Free World Dialup brings the email model to telecom. The cost of email has
nothing to do with time, distance, or loquaciousness. Same for FWD. FWD
requires only Internet access and an IP phone. The notions of local, long
distance, and international mean no more to members of the Free World Dialup
community than they do to people browsing the web. A conversation between
someone in New York City and someone in Athens, Greece costs the same as an
email and sounds better than a call next door. The initial improvements in
sound quality come from limiting the analog portion of the call to the few
feet in the handset cord, but there exists no fundamental obstacles to IP
phones that enable CD quality telephone calls.

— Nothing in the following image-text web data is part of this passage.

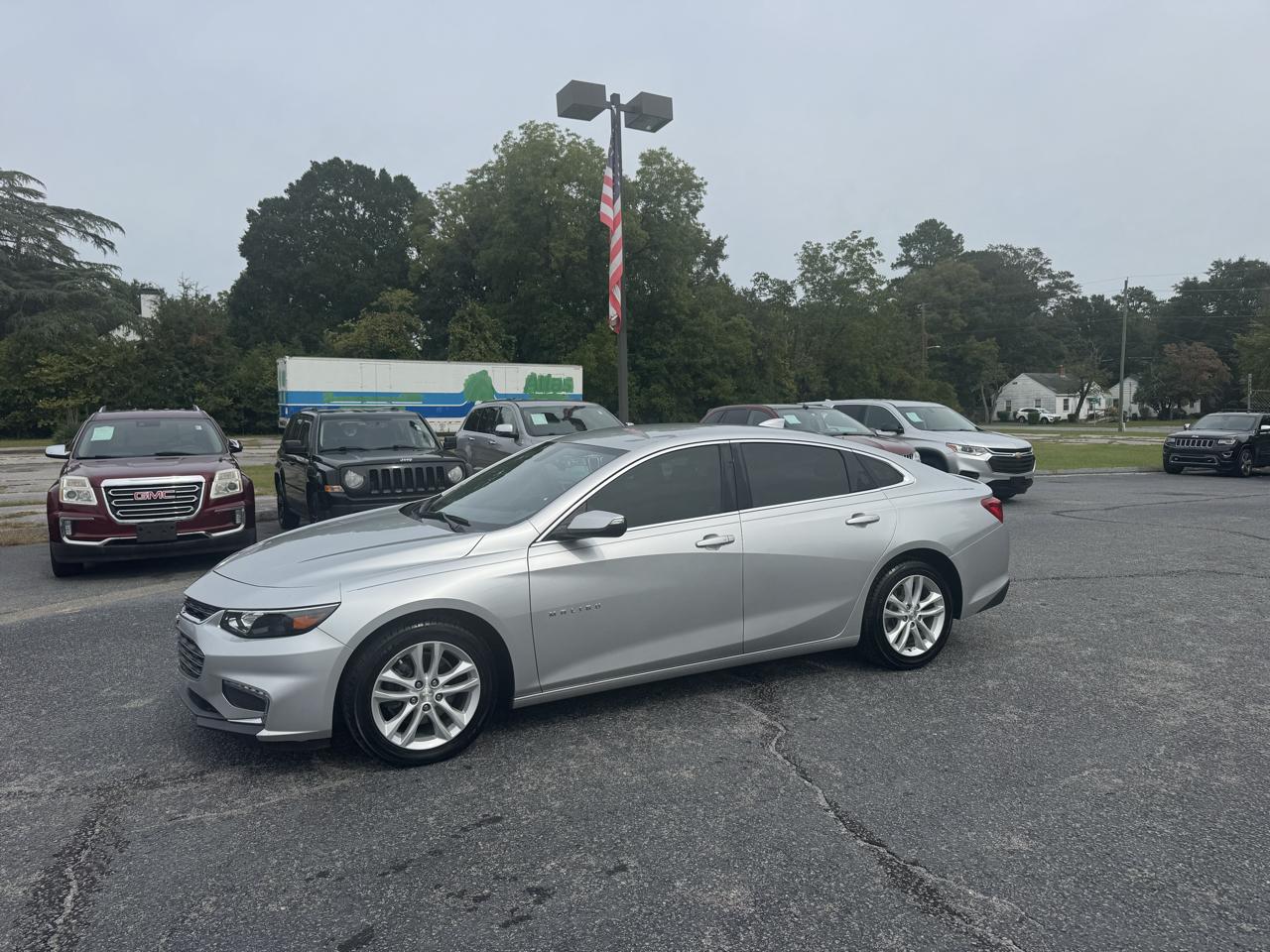 Chevrolet Malibu 4dr Sdn LT w/1LT 2017
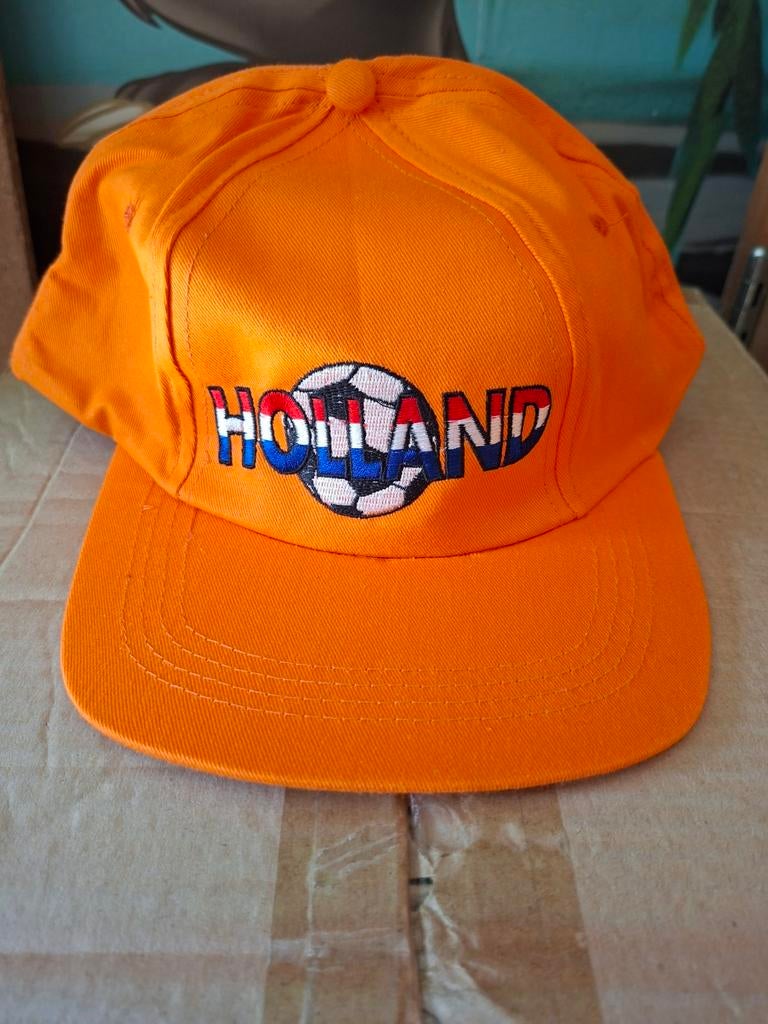 Grote partij nieuwe Holland oranje petten met voetbal, Ophalen of Verzenden, Nieuw, Hoed of Pruik, Oranje of Koningsdag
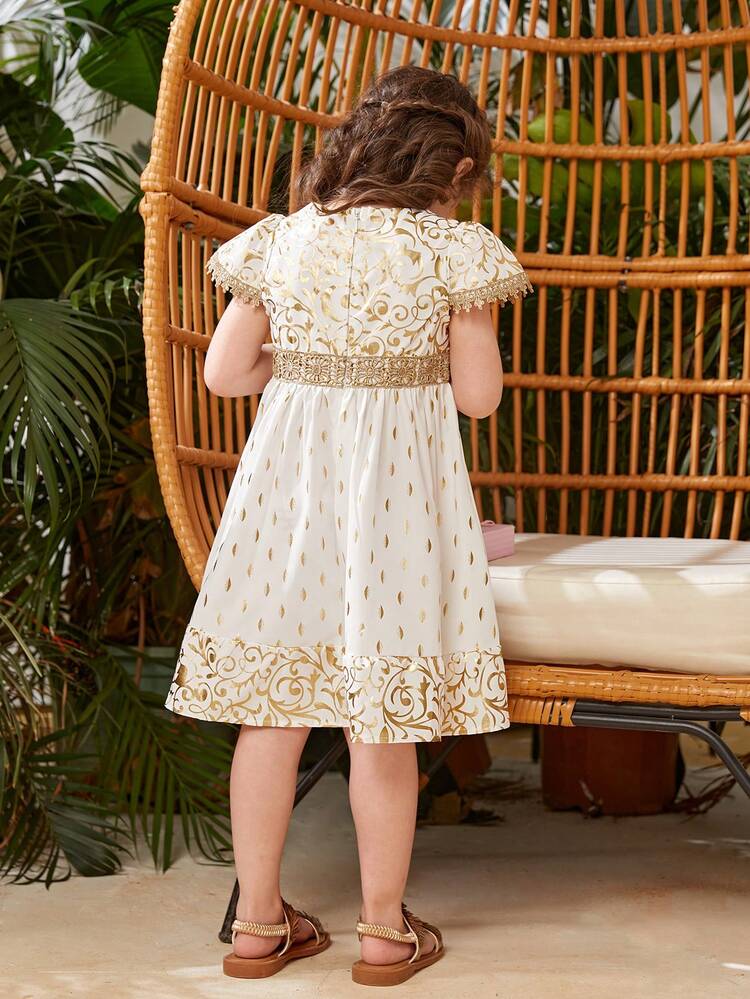 Young Girls' Embroidered Applique Puff Short Sleeve Dress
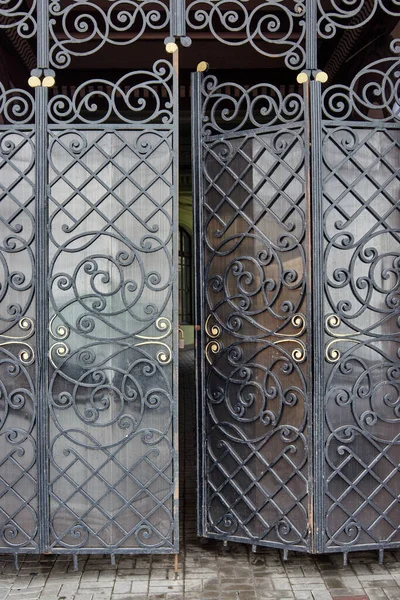 Porta do portão forjado — Fotografia de Stock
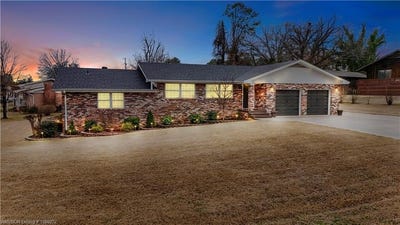/international/us/1101-w-main-st-ozark-ar-110104399559/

FWD turns telecom into a simple extension of consumer electronics business.
The present implementation uses the widely available and cheap ATA-186 (or
cool and expensive 7960) IP phones from Cisco, but there exists few
obstacles to add additional IP phones from other vendors. The consumer
electronics business grows as innovations make earlier devices obsolete.

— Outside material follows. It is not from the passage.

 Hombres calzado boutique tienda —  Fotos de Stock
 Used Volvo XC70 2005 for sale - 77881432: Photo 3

The improvements create end user demand that makes business in the new
devices larger than the business in the now obsolete devices. The cassette
tape replaced the 8-track tape. The CD replaced the cassette tape. Ad
infinitum.
The amazing durability of POTS did not arise from the fact it represented a
wonder technology. POTS always sucked. POTS persisted for business reasons
associated with monopolization of telecom and not technology or sound
quality. Humans can perceive sound from 50 Hz to 20,000 Hz. POTS captures
sound between 300 and 3300 Hz. The ancient analog loop associated with the
Bell System in the US and monopolies in other countries add various other
impairments to this already poor representation of sound. POTs remained
dominant until now, because the monopolies managed to keep innovation
illegal for most of the 20th century and thwart the recent desire of policy
makers to enable competition. Anyone in the competitive telephone business
can relate stories about the predatory tactics of the monopoly. The
survival of POTS has nothing to do with R&D.

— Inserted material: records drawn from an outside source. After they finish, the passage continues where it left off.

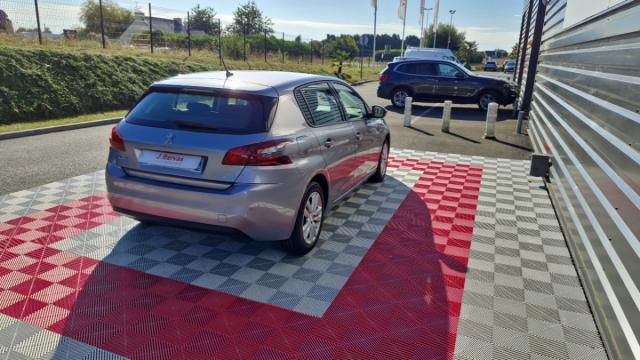 Peugeot 308 image 6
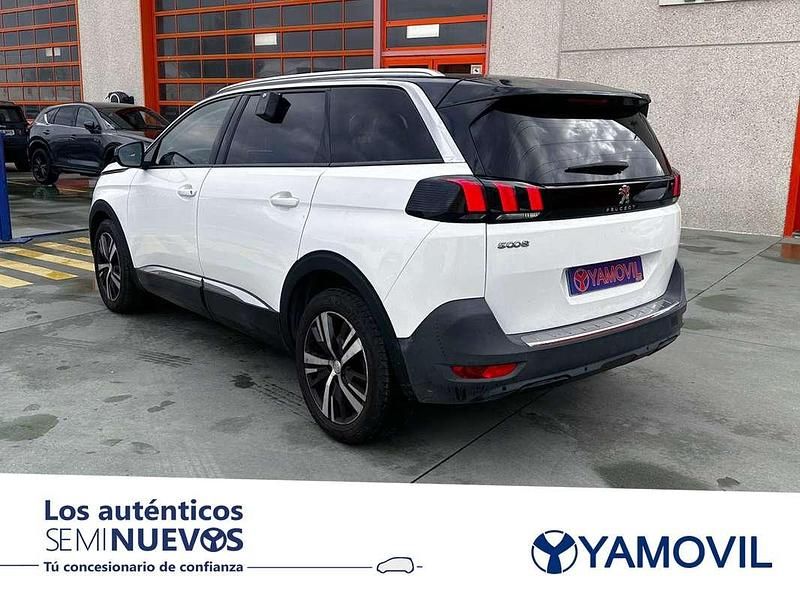 Usado Peugeot 5008 Allure 131 CV (96 kW) 2018 Blanco Monovolumen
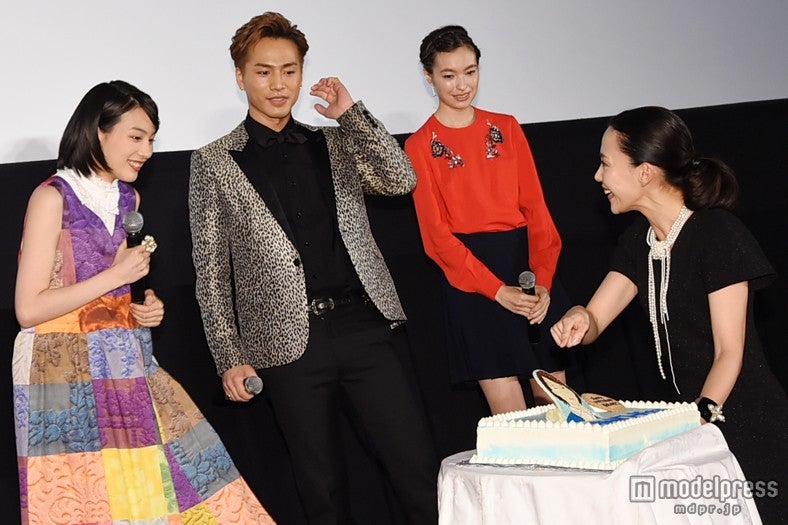 能年玲奈、21歳バースデーを三代目JSB登坂らがお祝い　サプライズゲストに感激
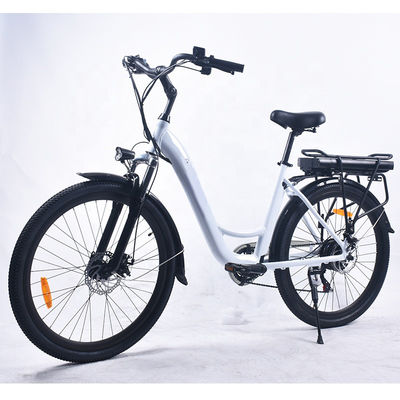 จักรยานไฟฟ้าสำหรับผู้หญิงน้ำหนักเบา 36V 30-40km ช่วง 0.12T กำลังโหลดสูงสุด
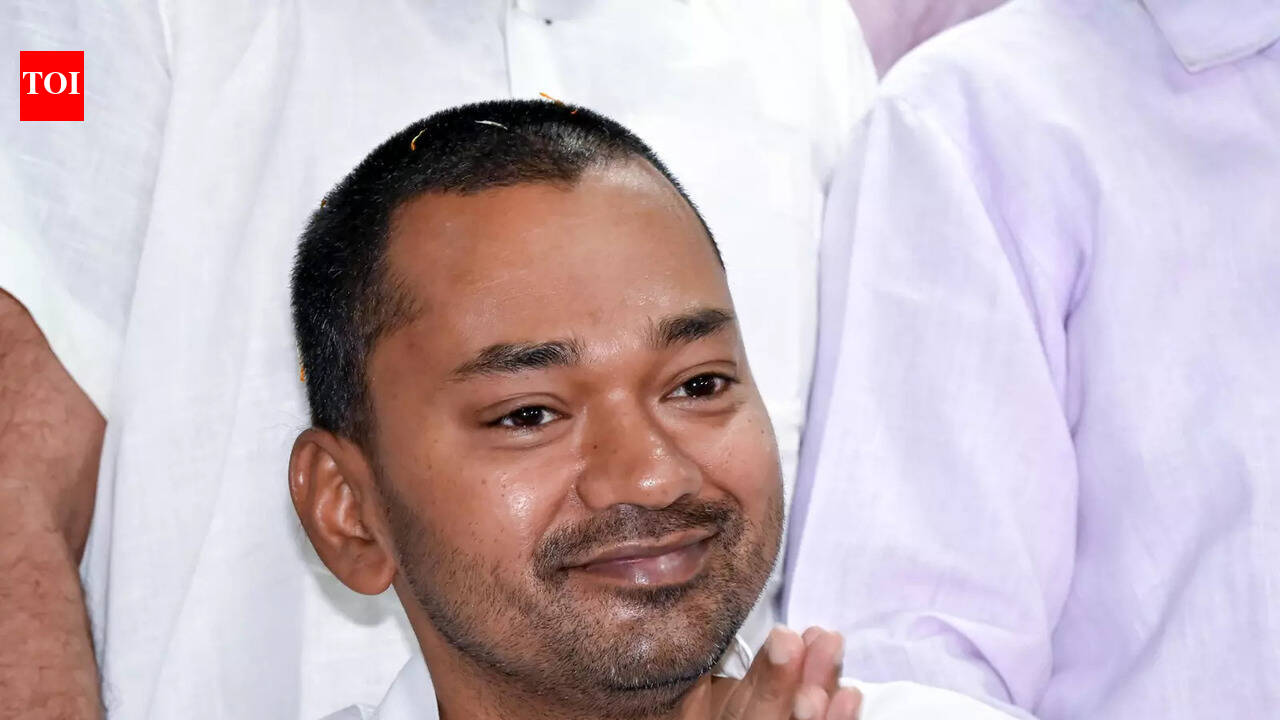 Nishant pays tribute to ex-MLA Satish Kumar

The world might never know about Free World Dialup and the revolution of
voice over broadband except that the monopolist's immune system response to
innovation seems unlikely to work this time. The Bell companies in the U.S.
already set in motion plans to limit Internet telephony's access to
traditional telephone numbers, but Free World Dialup uses its own dialing
plan. The Bell companies have asserted that Internet telephony providers
should pay the same access fees that destroyed the business models of AT&T,
Worldcom, and other IXC's, but doing so will just drive IP telephony off
copper toward coax, wireless, and fiber. The *free* nature of FWD means the
monopolists will have trouble arguing FWD undermines the Universal Service
subsidy scheme. The monopolists can not (finally) decide to increase the
quality of POTS, because the nature of POTS arises from the nature of the
PSTN itself. A better quality POTS means scraping the entire Public
Switched Telephone Network.
The local, state, federal, and international telecom regulatorium seems of
no use as a weapon to stop Free World Dialup. The only hope for the status
quo seems arguing telephony devices should not get IP addresses or the
incumbents might concede the nothing lasts forever. The transition away
from POTS will likely follow the transition from traditional mail to email.
It will take some time before everyone has a FWD address. People presumably
still use traditional mail even 10 years after email escaped academia.
Nonetheless, increasing ease of use, growing awareness, and cheaper better
IP phones mean the remarkable reign of POTS nears an end.